- _Task instructions_: Restate the following data in its entirety, word for word and without images.

START Data extracts

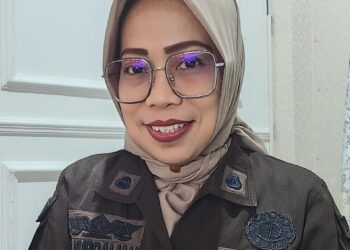 Kejari Gowa Buktikan Komitmen Dengan Mengeksekusi Terpidana!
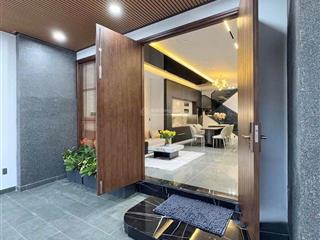 Cơ hội vàng  nhà phố bình tân 4x20m, giá 7.5 tỷ!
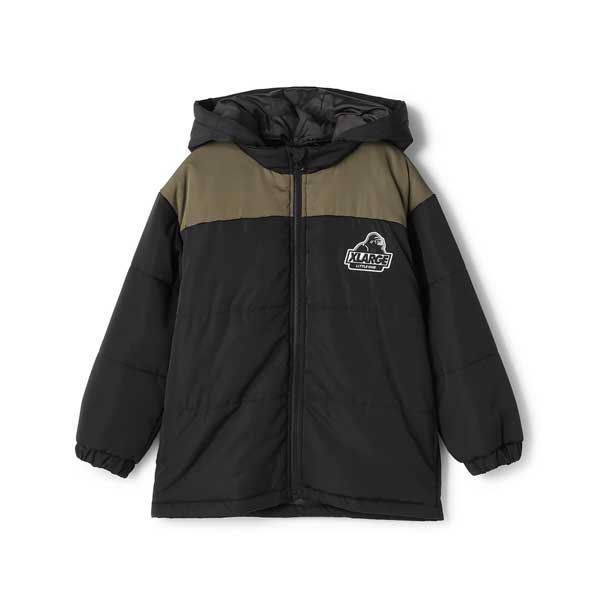 XLARGE KIDS（エクストララージ キッズ） エクストララージ キッズ 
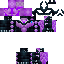 Texture for TFTF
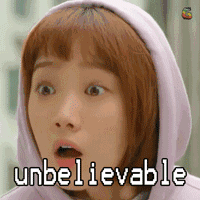 一組圖告訴你髮型的重要性！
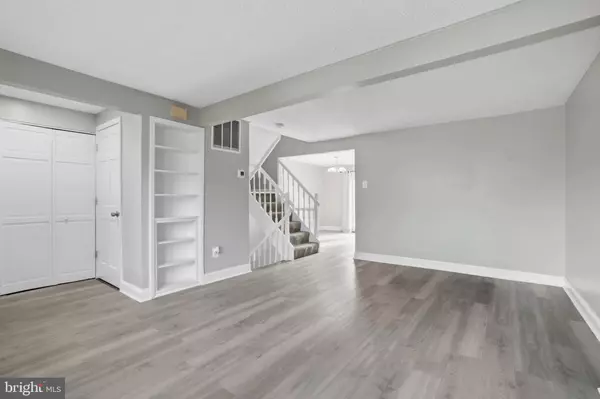 Randallstown, MD 21133,9931 TUSCARORA RD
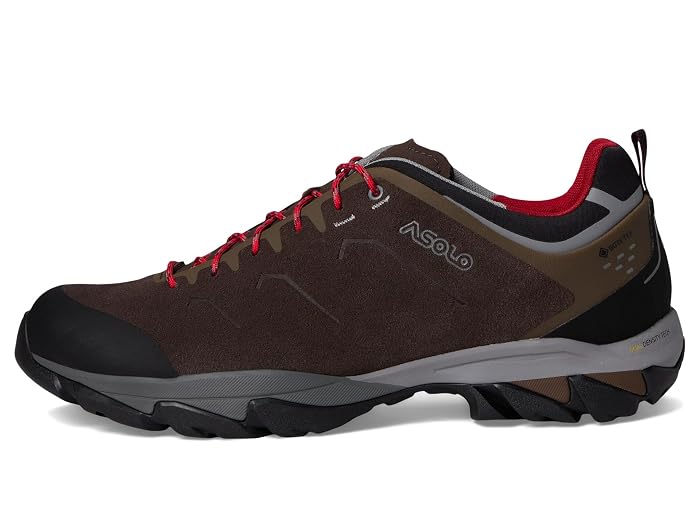 Asolo Acadia Lth GTX - Image 4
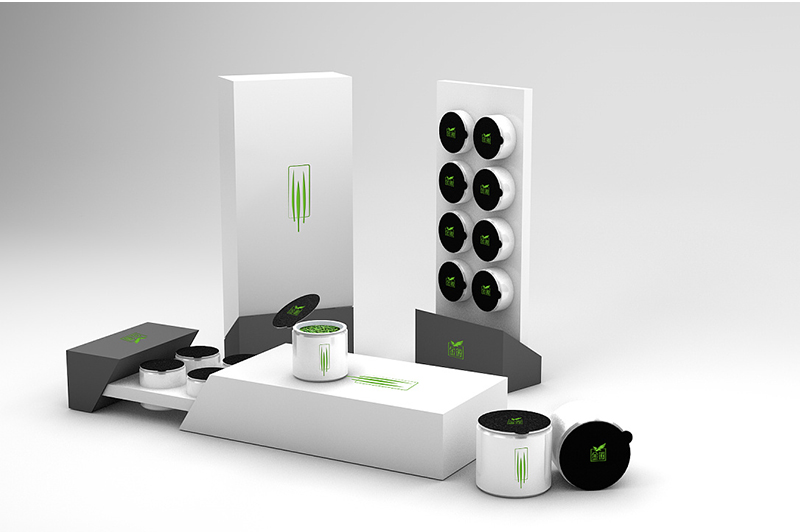 禮品包裝設計有哪些特性？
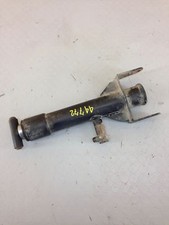 PIAGGIO POKER (2000) 422 CILINDRATA 9KW DIESEL PISTONE RIBALTABILE CASSONE 700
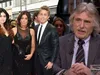 Johan Derksen over de familie Hazes: 'Ze mogen alledrie André's veters niet vastmaken!'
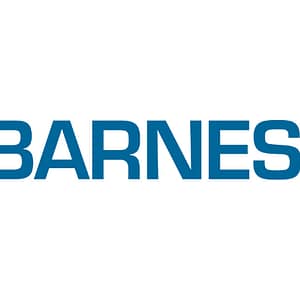 Barnes Pump: The Deming line includes Chopper, Grinder, and Non-Clog solutions for every solids handling application, Pressure Sewer, Sump, Sewage, Effluent, and Utility pumps, Dewatering pumps.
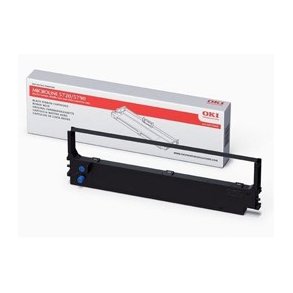 ML5721/5791 ribbon black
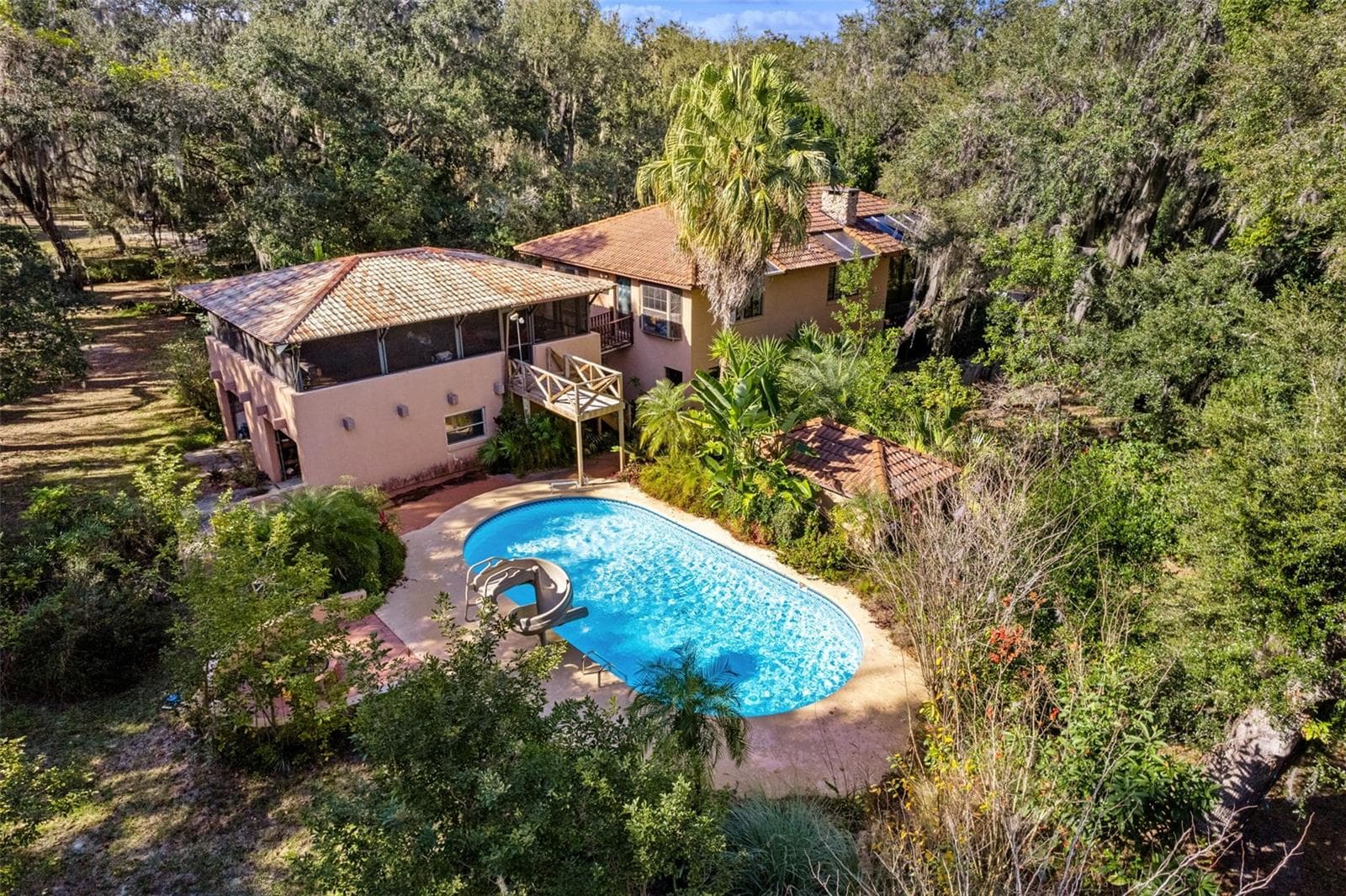 27910 DEBBIE RD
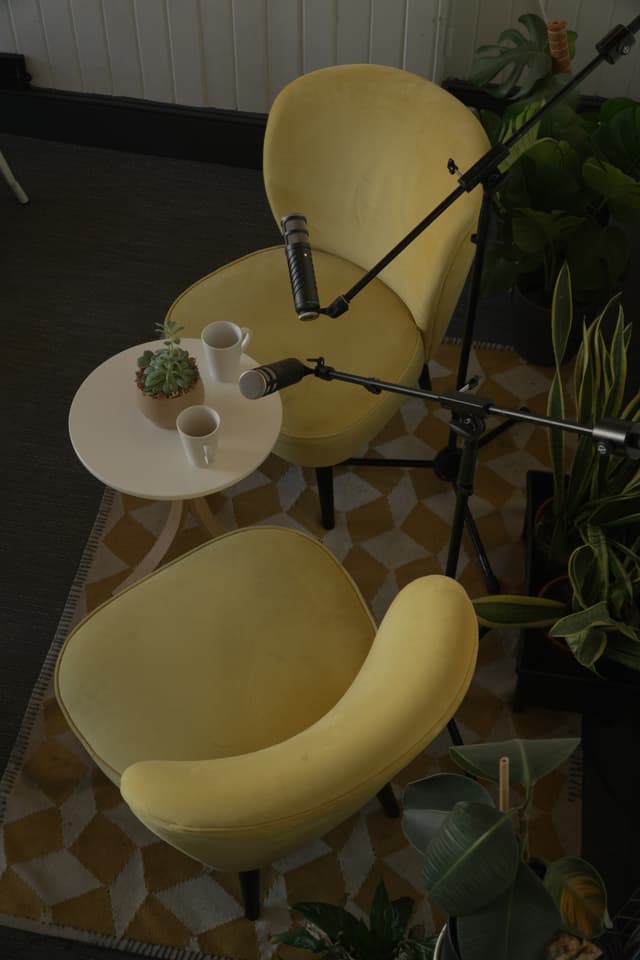 West Digital Studios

END Data extracts

- _Solution to the problem_:
 Kejari Gowa Buktikan Komitmen Dengan Mengeksekusi Terpidana!
 Cơ hội vàng  nhà phố bình tân 4x20m, giá 7.5 tỷ!
 XLARGE KIDS（エクストララージ キッズ） エクストララージ キッズ 
 Texture for TFTF
 一組圖告訴你髮型的重要性！
 Randallstown, MD 21133,9931 TUSCARORA RD
 Asolo Acadia Lth GTX - Image 4
 禮品包裝設計有哪些特性？
 PIAGGIO POKER (2000) 422 CILINDRATA 9KW DIESEL PISTONE RIBALTABILE CASSONE 700
 Johan Derksen over de familie Hazes: 'Ze mogen alledrie André's veters niet vastmaken!'
 Barnes Pump: The Deming line includes Chopper, Grinder, and Non-Clog solutions for every solids handling application, Pressure Sewer, Sump, Sewage, Effluent, and Utility pumps, Dewatering pumps.
 ML5721/5791 ribbon black
 27910 DEBBIE RD
 West Digital Studios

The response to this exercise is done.